I want to choose the train more often, but I don't want to stand up for a whole leg of the journey. I also struggle to justify paying the same price as if I drove there myself, and significantly more than if I flew, yet lose either the flexibility or the time savings.


Yeah, riding train in Germany is just too expensive. Unfortunately I still have to use it because currently it is more flexible than the bus lines. I really hope that the competition will drive the train prices down, but that's something I don't believe in...

Visiting my girlfriend at the other and of Germany costs 220 Euro if I pay the full price. Sometimes you get cheaper tickets but that's still too much. Just visiting each other twice a month cost about 400 Euro which woudl be better invested in a vacation or something similar.

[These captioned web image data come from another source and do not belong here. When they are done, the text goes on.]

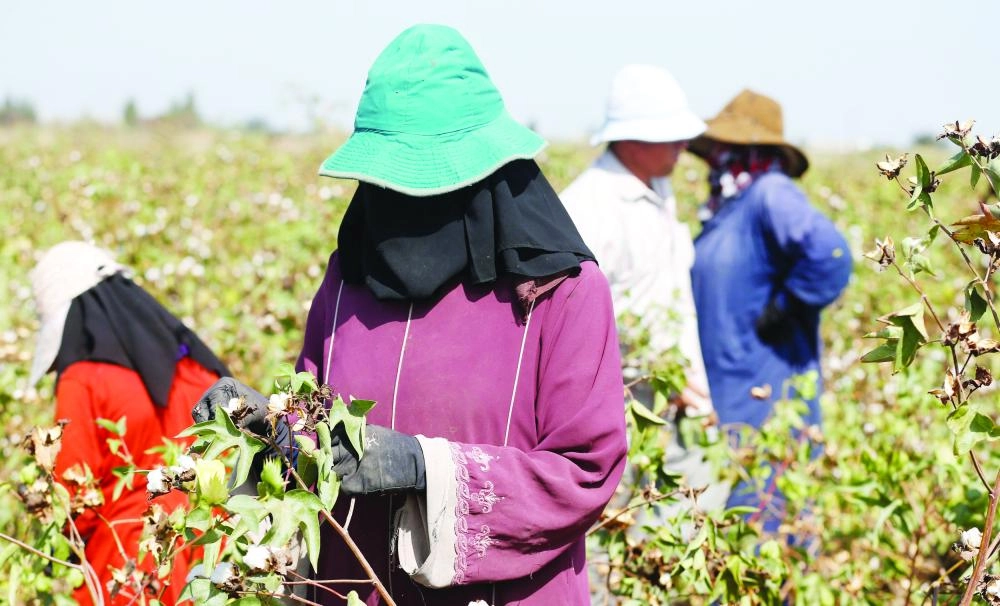 Farmers harvest cotton in a field of San El Hagar village in the province of Al-Sharkia northeast of Cairo, Egypt October 18, 2016. Picture taken October 18, 2016. REUTERS/Amr Abdallah Dalsh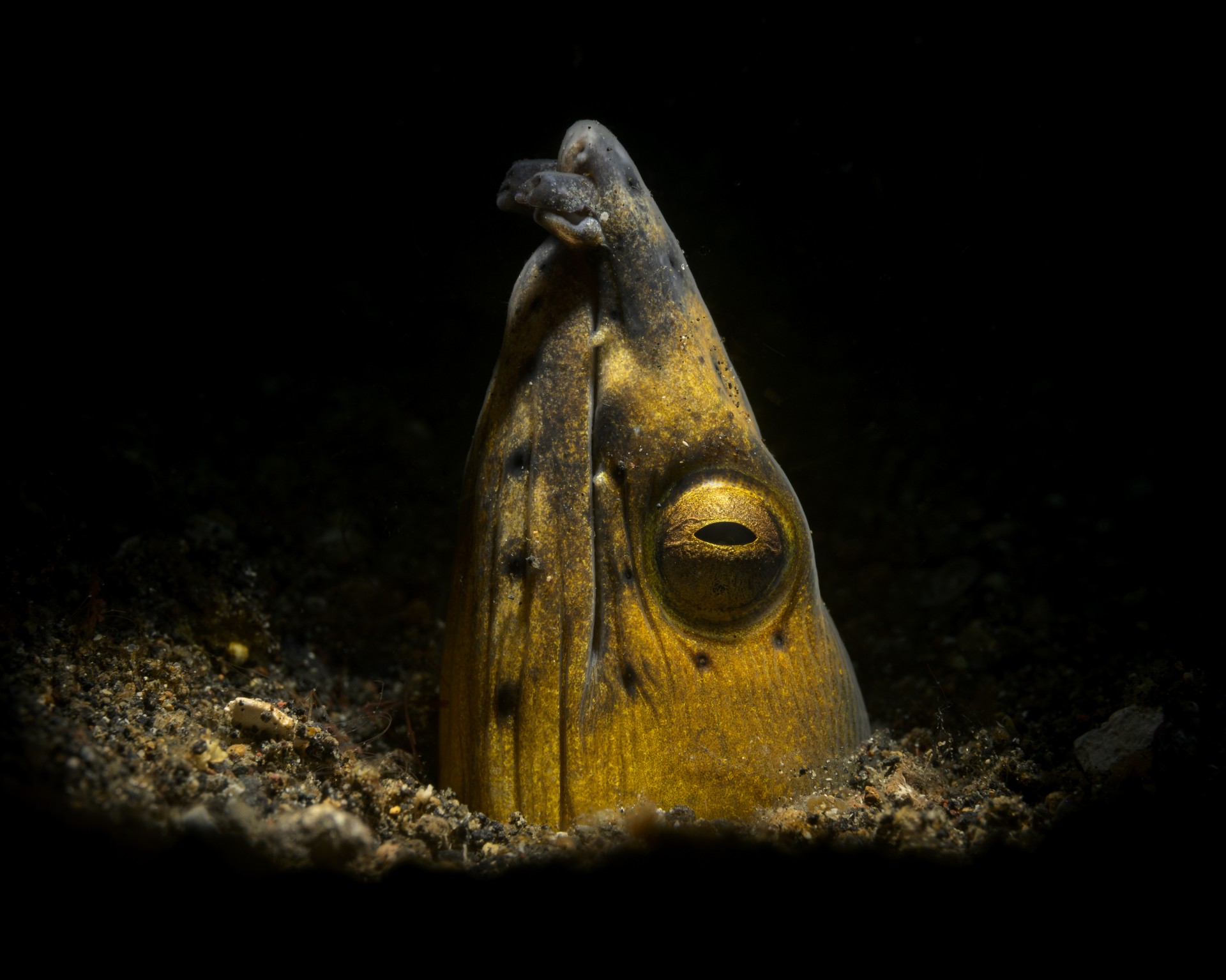 Une anguille sort la tête de l'eau sombre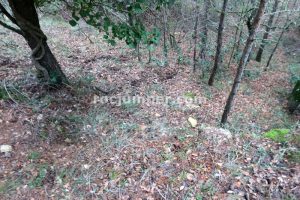 Bajada al barranco - Barranc de Set - El Violsell - RocJumper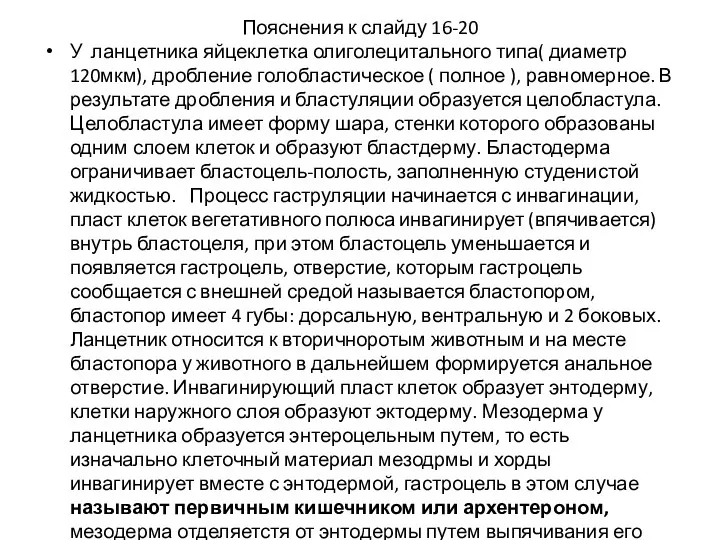 Пояснения к слайду 16-20 У ланцетника яйцеклетка олиголецитального типа( диаметр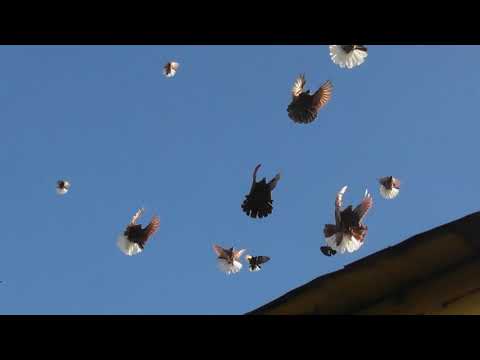 Видео: Николаевские голуби. г.Терновка 159.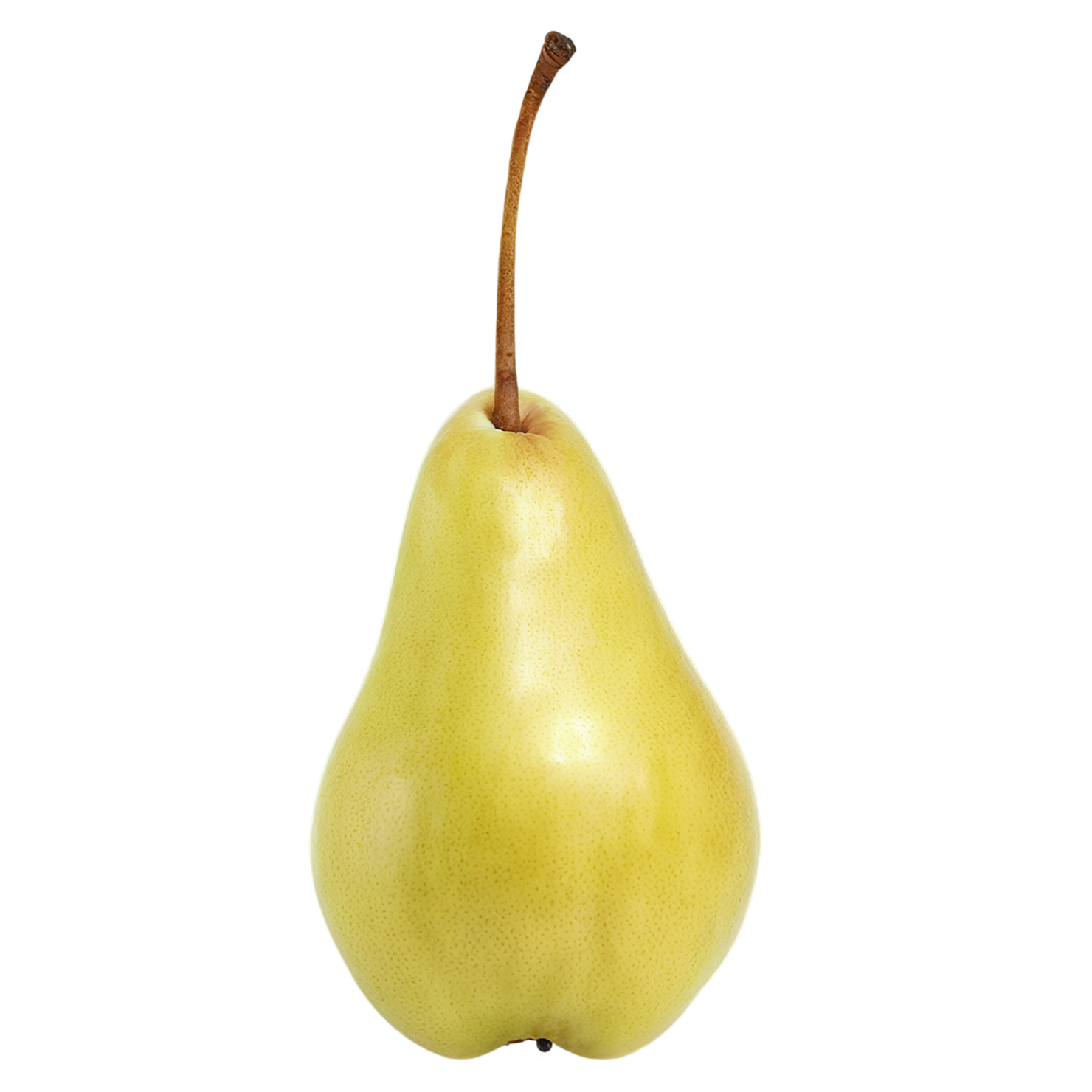 Pear fruit isolated on transparent background #32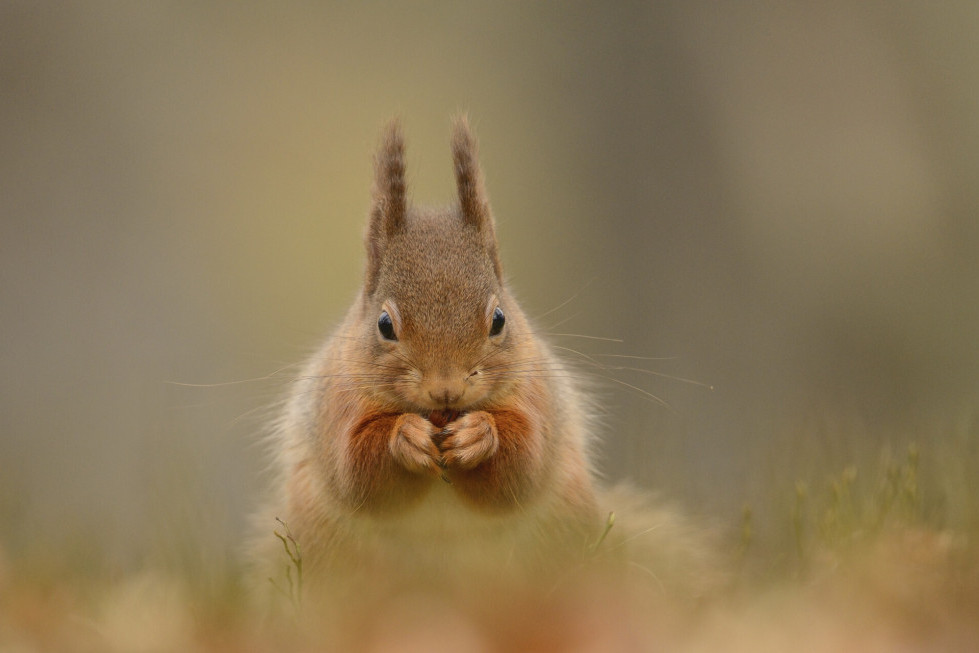 Supporting local wildlife organisations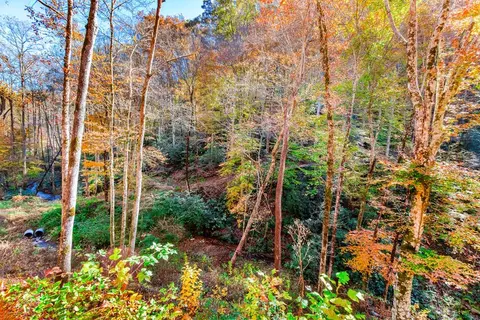 00 Jasmine Dr, Marble, NC 28905 photo 24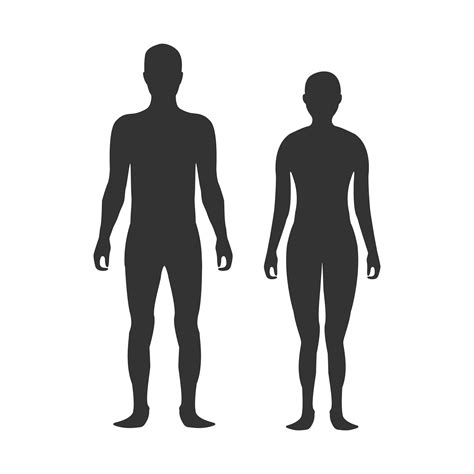 Male and female body silhouette | Healthcare Illustrations ~ Creative Market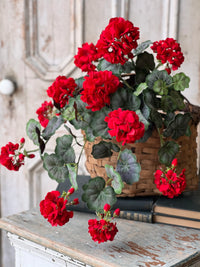 Jubilee Geranium Weeping Bush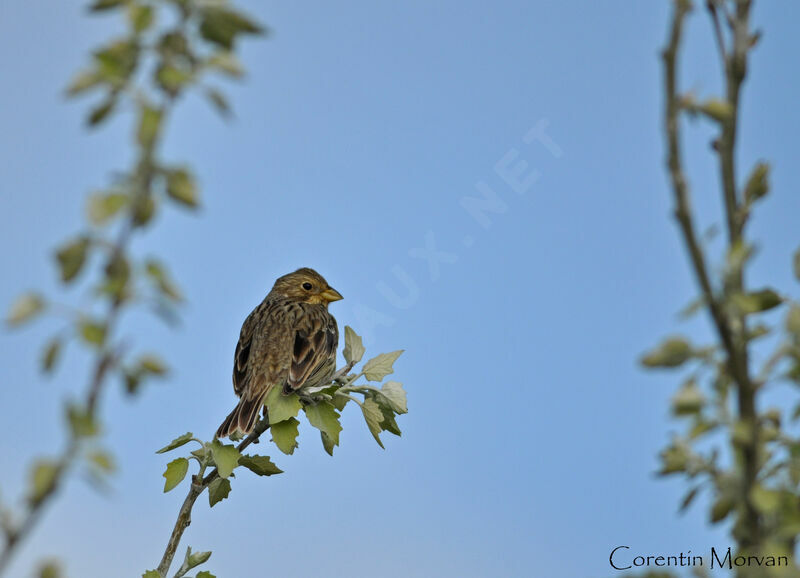 Corn Bunting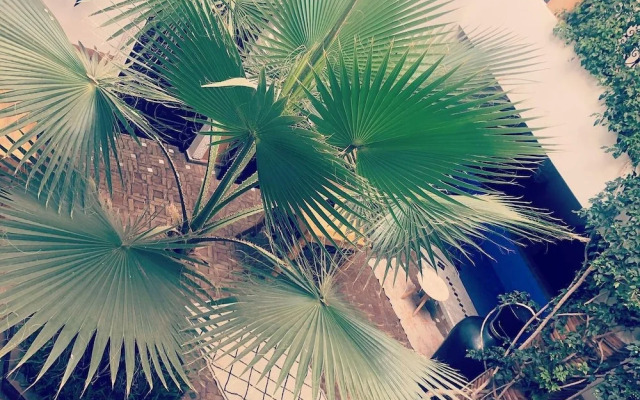 Riad Bjoujna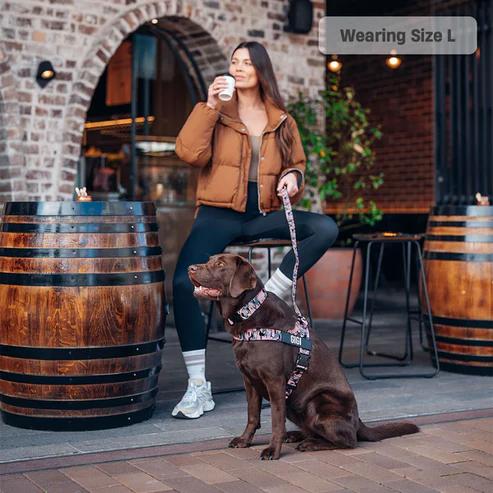 Dog Friendly Co. Harness - Easy to Fit No-Pull Design - Safe Secure and Comfortable - Ideal for All Dogs - Chafe-Resistant Lightweight Straps - Adjustable Straps for Perfect Fit Dog Friendly Co. Harness - Easy to Fit No-Pull Design - Safe Secure and Comfortable - Ideal for All Dogs - Chafe-Resistant Lightweight Straps - Adjustable Straps for Perfect Fit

Thanks for the detailed info. I honestly don't know the details well enough and hence framed my comment as a bit of an open question. This makes me wonder, in Germany it is possible to get a decently priced domestic train ticket or at least a comparable price to a domestic flight but one needs to book far in advance whereas this isn't the case when booking a flight. If it's not subsidies and taxes what is making train travel so uncompetitive with flying?

Really? I live in Munich. Whenever I want to travel to other large German cities, I've found flying to be much cheaper than going by train. The only reasonably priced tickets seem to be the local ones. I don't understand how people can afford train prices unless they have a discount or someone else paid.

I think we're missing the context of gas prices here. German gas prices are far higher than in the US, making train more cost-effective. We don't have cheap flights, except apparently Berlin-Frankfurt, so we can't rely on air travel the same way the US does. This overall makes train travel much more attractive in Germany. Then there are things like regional tickets, day tickets, BahnCard discounts, etc.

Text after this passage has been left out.